Embedding dimensions (usually1) come pre-ordered by the model that produced them, by how much semantic information they carry across the corpus the model was trained on. The intuition most people start with is that the early dimensions are the most useful - reinforced by OpenAI explicitly telling you that you can truncate their embeddings and keep most of the semantic meaning (a text-embedding-3-large vector chopped from 3,072 down to 256 dimensions still beats the older ada-002 at full length).

For the embedding model, they are. For your task, they often aren’t. The top SHAP features on our footfall task are embedding_160, _472, _329 - not embedding_0, _1, _2. If we re-use the same retail park embedding on a different downstream feature, a different embedding_XXX short-list bubbles up.

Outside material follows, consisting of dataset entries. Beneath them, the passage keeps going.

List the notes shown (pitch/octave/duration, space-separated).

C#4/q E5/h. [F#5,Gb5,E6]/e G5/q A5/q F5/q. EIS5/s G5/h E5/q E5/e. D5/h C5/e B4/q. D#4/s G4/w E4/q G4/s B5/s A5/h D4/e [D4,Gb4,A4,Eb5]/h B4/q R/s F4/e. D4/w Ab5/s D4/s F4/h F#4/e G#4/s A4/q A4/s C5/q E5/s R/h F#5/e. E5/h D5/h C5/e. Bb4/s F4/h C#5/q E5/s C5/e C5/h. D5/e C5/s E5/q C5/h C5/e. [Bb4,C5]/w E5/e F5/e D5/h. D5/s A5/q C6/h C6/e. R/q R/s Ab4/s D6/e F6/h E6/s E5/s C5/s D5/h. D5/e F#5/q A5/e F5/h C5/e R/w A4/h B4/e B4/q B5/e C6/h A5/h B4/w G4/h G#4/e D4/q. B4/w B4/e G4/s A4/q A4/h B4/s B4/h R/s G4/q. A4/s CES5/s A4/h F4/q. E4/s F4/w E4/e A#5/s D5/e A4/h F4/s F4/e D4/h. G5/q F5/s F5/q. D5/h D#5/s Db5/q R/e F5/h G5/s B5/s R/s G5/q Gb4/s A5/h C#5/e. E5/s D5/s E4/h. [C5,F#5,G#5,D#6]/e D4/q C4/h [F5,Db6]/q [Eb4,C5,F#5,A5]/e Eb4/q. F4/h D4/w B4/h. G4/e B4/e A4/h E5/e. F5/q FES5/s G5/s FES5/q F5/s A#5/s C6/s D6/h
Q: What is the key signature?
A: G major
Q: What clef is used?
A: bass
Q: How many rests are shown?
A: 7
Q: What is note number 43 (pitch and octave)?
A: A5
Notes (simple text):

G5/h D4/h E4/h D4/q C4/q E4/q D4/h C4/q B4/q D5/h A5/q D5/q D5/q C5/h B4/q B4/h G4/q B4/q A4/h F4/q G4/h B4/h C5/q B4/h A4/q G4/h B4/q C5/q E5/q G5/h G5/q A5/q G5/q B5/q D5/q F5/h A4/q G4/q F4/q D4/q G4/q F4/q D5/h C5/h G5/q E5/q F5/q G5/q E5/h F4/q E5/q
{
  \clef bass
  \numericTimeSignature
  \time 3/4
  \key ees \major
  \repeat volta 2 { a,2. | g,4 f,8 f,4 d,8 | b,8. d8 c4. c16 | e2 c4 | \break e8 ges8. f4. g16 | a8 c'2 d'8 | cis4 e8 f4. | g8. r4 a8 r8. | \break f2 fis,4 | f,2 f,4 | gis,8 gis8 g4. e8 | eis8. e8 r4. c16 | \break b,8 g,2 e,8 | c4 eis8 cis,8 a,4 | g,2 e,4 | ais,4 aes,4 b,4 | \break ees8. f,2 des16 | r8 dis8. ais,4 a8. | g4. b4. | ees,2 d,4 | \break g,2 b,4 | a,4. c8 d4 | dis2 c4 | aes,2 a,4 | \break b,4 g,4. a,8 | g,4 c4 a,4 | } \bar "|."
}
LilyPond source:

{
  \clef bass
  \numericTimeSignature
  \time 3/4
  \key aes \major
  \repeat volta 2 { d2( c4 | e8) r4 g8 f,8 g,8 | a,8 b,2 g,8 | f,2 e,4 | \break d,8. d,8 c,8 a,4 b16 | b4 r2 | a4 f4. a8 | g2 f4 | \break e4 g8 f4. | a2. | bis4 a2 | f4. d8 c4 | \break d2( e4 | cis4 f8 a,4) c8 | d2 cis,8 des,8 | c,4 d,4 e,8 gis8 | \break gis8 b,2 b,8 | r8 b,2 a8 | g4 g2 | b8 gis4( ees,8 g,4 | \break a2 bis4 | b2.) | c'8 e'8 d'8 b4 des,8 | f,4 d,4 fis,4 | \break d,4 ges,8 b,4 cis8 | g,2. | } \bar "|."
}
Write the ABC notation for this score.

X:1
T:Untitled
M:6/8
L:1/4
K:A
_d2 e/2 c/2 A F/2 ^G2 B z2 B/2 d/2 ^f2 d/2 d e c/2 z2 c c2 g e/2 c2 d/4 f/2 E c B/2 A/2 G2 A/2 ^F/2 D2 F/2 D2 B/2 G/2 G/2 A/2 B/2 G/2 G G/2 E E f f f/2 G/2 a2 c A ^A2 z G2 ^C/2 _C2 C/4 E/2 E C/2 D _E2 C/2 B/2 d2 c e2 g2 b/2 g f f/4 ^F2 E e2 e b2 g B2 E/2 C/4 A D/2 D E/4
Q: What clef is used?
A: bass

In short, an embedding is a compressed snapshot of meaning in general; any given task is a specific cross-section through it. One embedding pass gives you many feature spaces - you need to pick the right set for your use case.

Closing

Two different problems. The same shape for both:

  1. Get an LLM to produce small-sample, expensive-but-high-quality outputs (closed-taxonomy labels, expert-tone surveys). Expensive in time or agency fees!
  2. Embed the full population cheaply and quickly - five pence for 30,000 records.
  3. Use the small-sample outputs as labels, the embeddings as features, and a classical model as the glue.

I’m still surprised you can get high-quality embeddings at such speed and low prices, and I don’t hear people talking about it. The classical-ML toolbox has just gotten a new feature space for (almost) free.

Embeddings aren’t the headline of the LLM story, but they definitely should be part of the conversation.